En parallèle à ce processus d’individuation propre au personnage d’Emma, on assiste à travers des scènes chorales dans des lieux d’exposition, dans la famille, chez des amis, à la transformation des mœurs de la société, de l’art, de la politique, mais aussi de cette génération X dépeinte ici, aux prises avec une quête identitaire sur fond d’homosexualité, de psychanalyse et de crise socio-économique.

Fausto Paravidino nous livre donc une œuvre très attachante, complexe et fouillée, où la profondeur des différents sujets abordés n’empêche jamais à l’humour de s’infiltrer dans l’écriture. En témoignent notamment certains personnages qui frisent parfois le grotesque, comme le curé Don Mario, à travers lequel l’auteur dénonce virulemment l’hypocrisie de l’église, ou encore les relations entre frères et sœurs à travers les personnages de Marco et Giulia, où la famille devient le lieu des cruautés les plus jubilatoires. Mais les moments de tendresse et d’émotion sont aussi nombreux, comme certaines scènes d’aveu entre parents et enfants où les incompréhensions intergénérationnelles deviennent des vecteurs émotionnels puissants.

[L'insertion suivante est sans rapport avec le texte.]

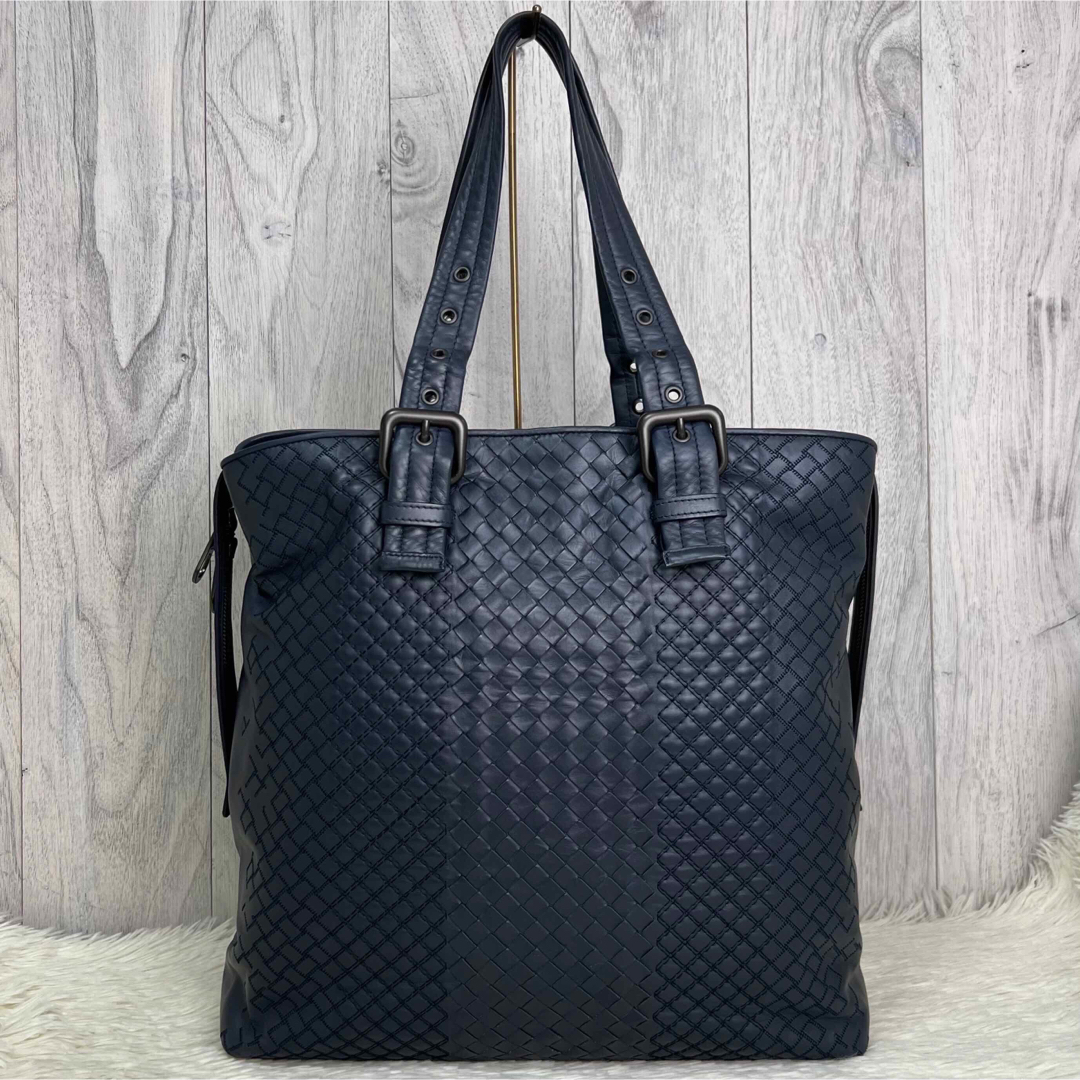 Bottega Veneta(ボッテガヴェネタ)の定価450000円♡希少♡A4♡ボッテガヴェネタ イントレチャート トートバッグ メンズのバッグ(トートバッグ)の商品写真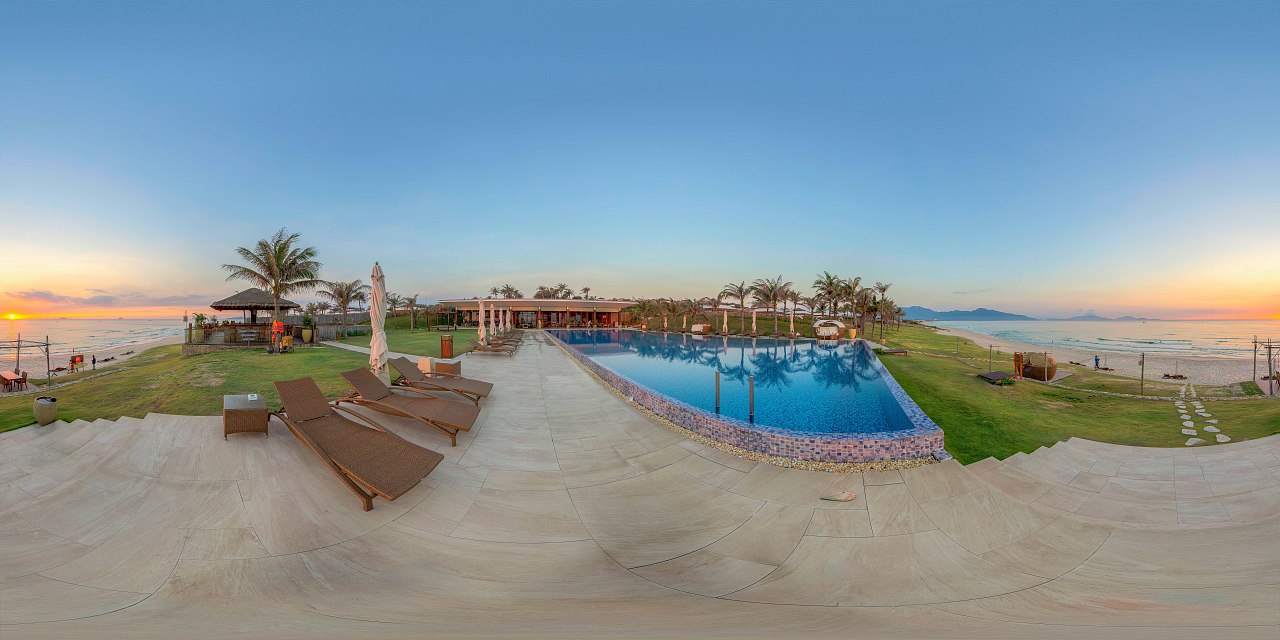 越南芽庄富神酒店全景拍摄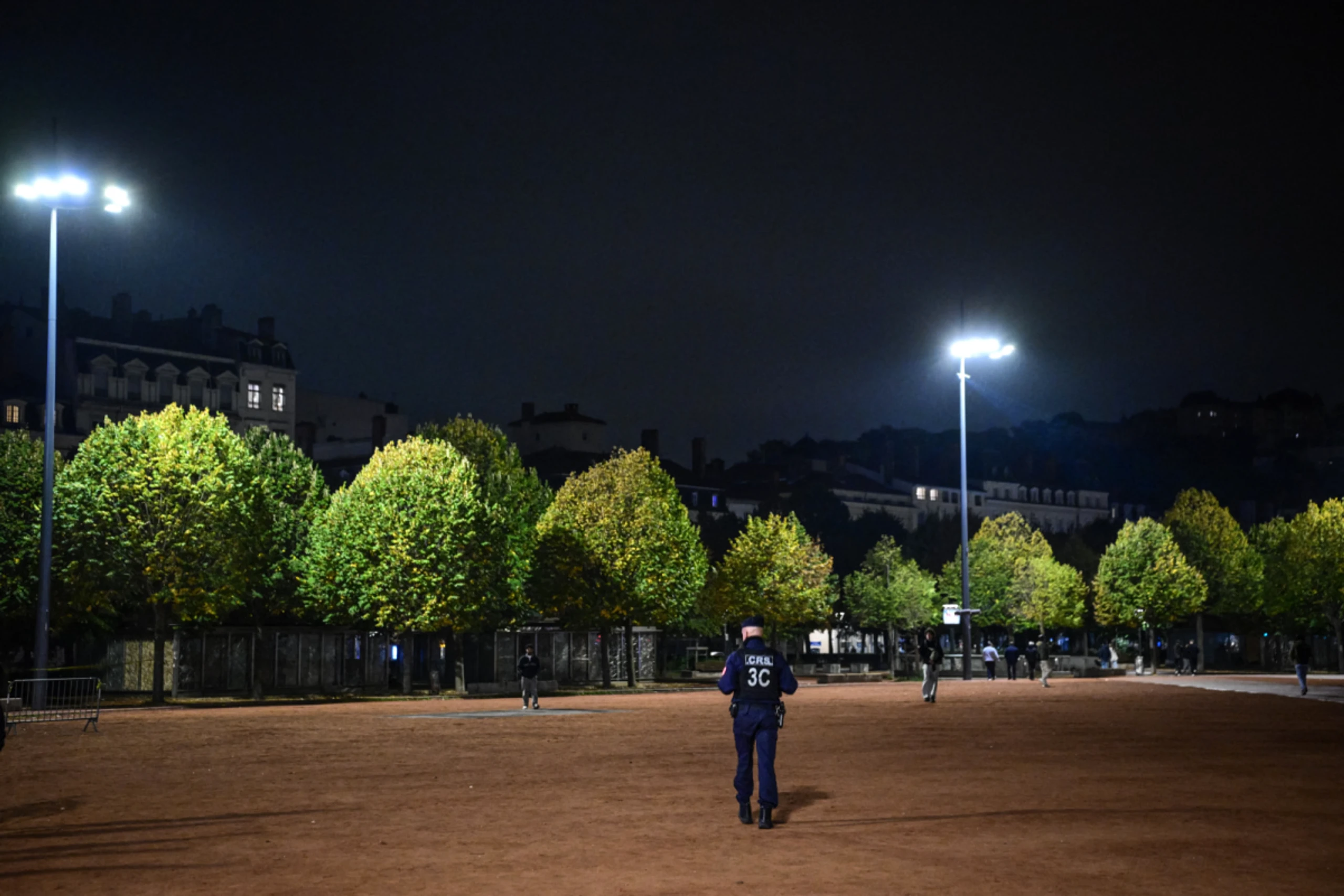Polizei überwachte die Einhaltung der Ausgangssperre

L’écriture de Fausto Paravidino, toujours inventive, vive, intelligente, nous tient en haleine tout au long de cette longue fresque théâtrale aux accents tchékoviens.

 

Point de vue de l’auteur

Je voulais construire une pièce sur une absente : la femme du portrait. Emma est une femme, nous la connaissons à travers les témoignages des personnes qui l’ont connue. Elle apparaitra seulement à la fin pour nous dire qui elle est. J’ai écrit la première partie, l’histoire des parents d’Emma en une semaine, la deuxième, celle d’Emma, en neuf mois.

La première partie, qui a lieu dans les années soixante dix, je l’ai écrite rapidement parce que nos parents savaient qui ils étaient, pour le meilleur et pour le pire. La deuxième partie, qui va des années quatre vingt dix à nos jours, m’a demandé beaucoup plus de temps parce que nous, nous nous cherchons et nous ne nous sommes pas encore trouvés. La première partie a donné vie à un spectacle très classique, la deuxième à un spectacle beaucoup plus fragmenté et parfois angoissant. Le Sens de la vie d’Emma est l’histoire de trois générations de femmes aux prises avec une peur très féminine de disparaître, derrière leurs maris, derrière leurs enfants, à l’intérieur des cuisines, ou broyées par la virilité présumée de l’histoire. Il y a un moment dramatique dans la vie de ces trois femmes (la mère de la voisine de la famille d’Emma, la mère d’Emma, et Emma elle-même) dans lequel elles réussissent à trouver le moyen de ne pas disparaître mais pour le faire, elles doivent affronter toute la société.